***** Data records *****

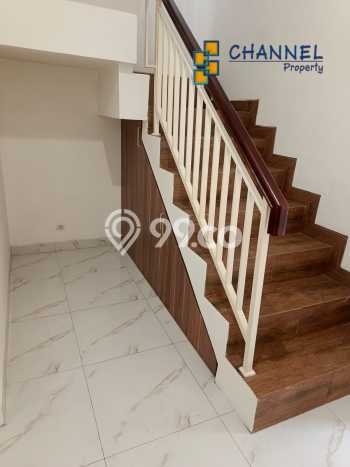 Rumah Modern 3 KT di Ciater Tangerang Semi Furnished Rumah Modern 3 KT di Ciater Tangerang Semi Furnished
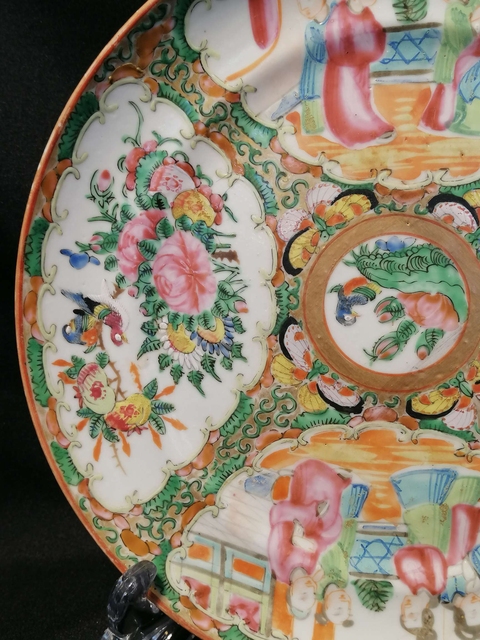 古玩陶瓷人物花鳥蝶紋廣彩盤真品鑒賞圖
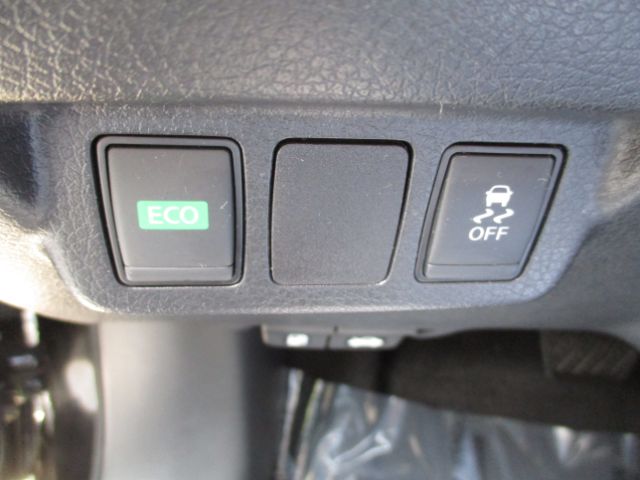 Vehicle image 29 of 65
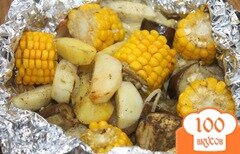 Фото рецепта: Картофель запеченный с кукурузой и овощами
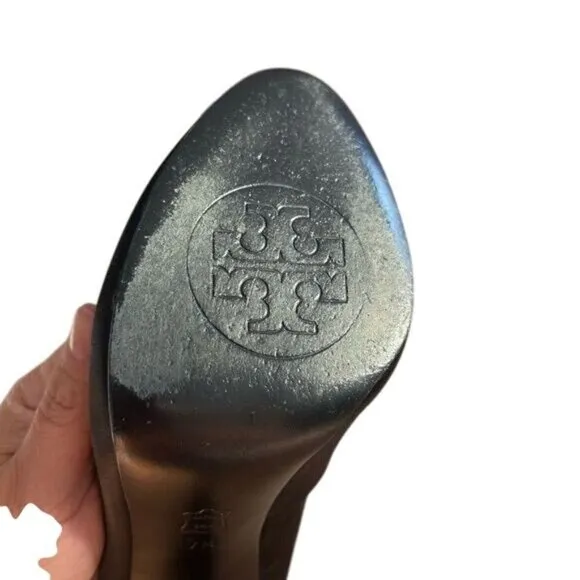Tory Burch Black Leather Classic High Heel Pumps Size 7M Womens Shoes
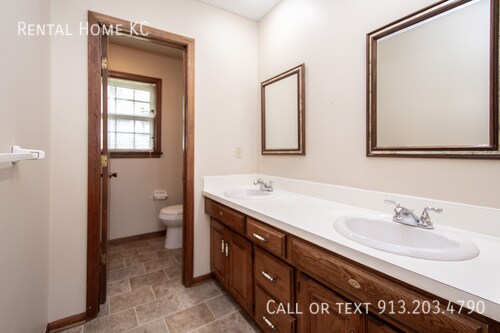 Building Photo - 11602 Monrovia-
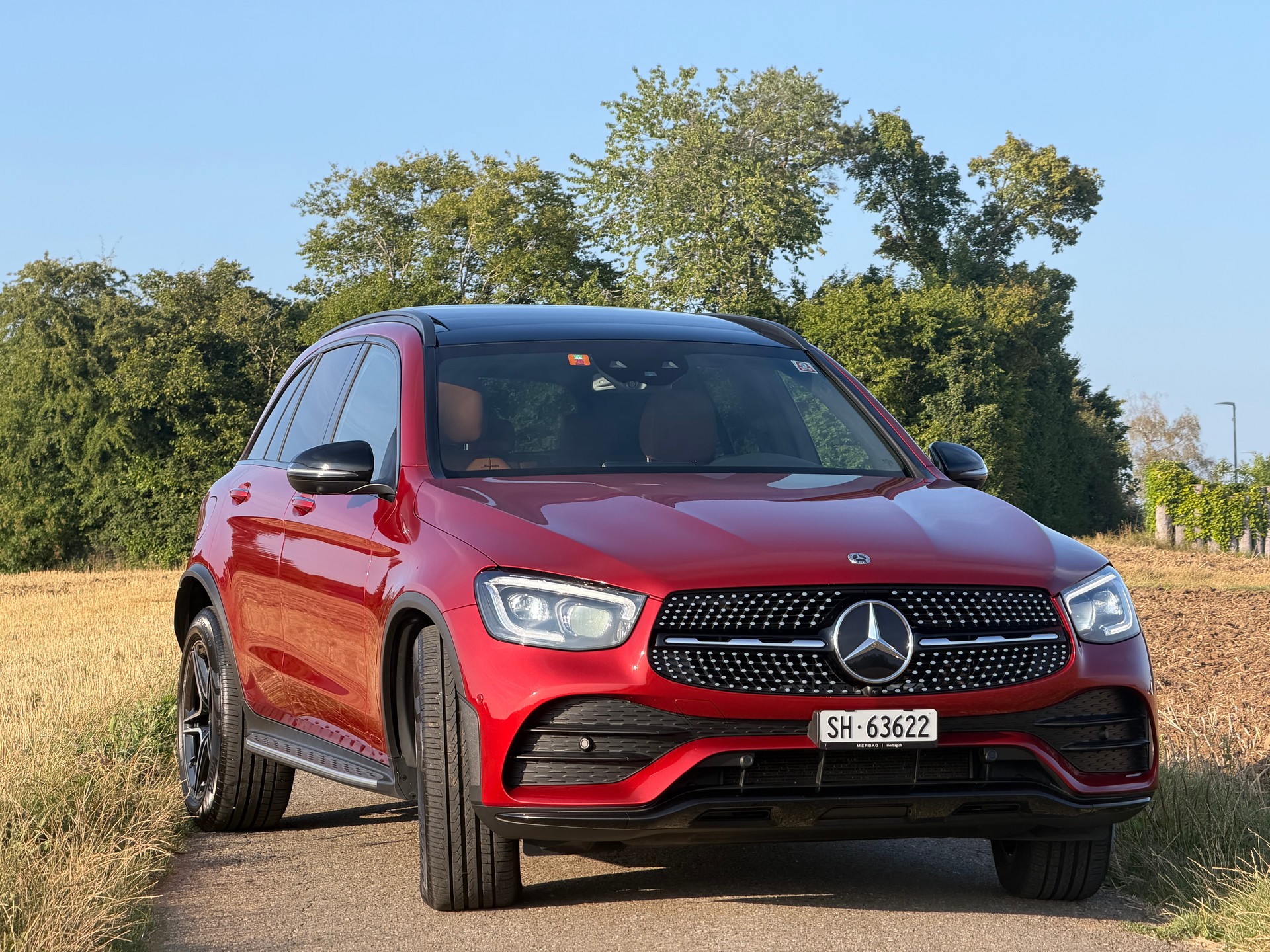MERCEDES-BENZ GLC 300 d AMG Line 4m-image-0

*****

- [Exercise goal]:
Transcribe each entry exactly, pictures excluded.

- [Response to the task]:
 Rumah Modern 3 KT di Ciater Tangerang Semi Furnished Rumah Modern 3 KT di Ciater Tangerang Semi Furnished
 古玩陶瓷人物花鳥蝶紋廣彩盤真品鑒賞圖
 Vehicle image 29 of 65
 Фото рецепта: Картофель запеченный с кукурузой и овощами
Tory Burch Black Leather Classic High Heel Pumps Size 7M Womens Shoes
 Building Photo - 11602 Monrovia-
MERCEDES-BENZ GLC 300 d AMG Line 4m-image-0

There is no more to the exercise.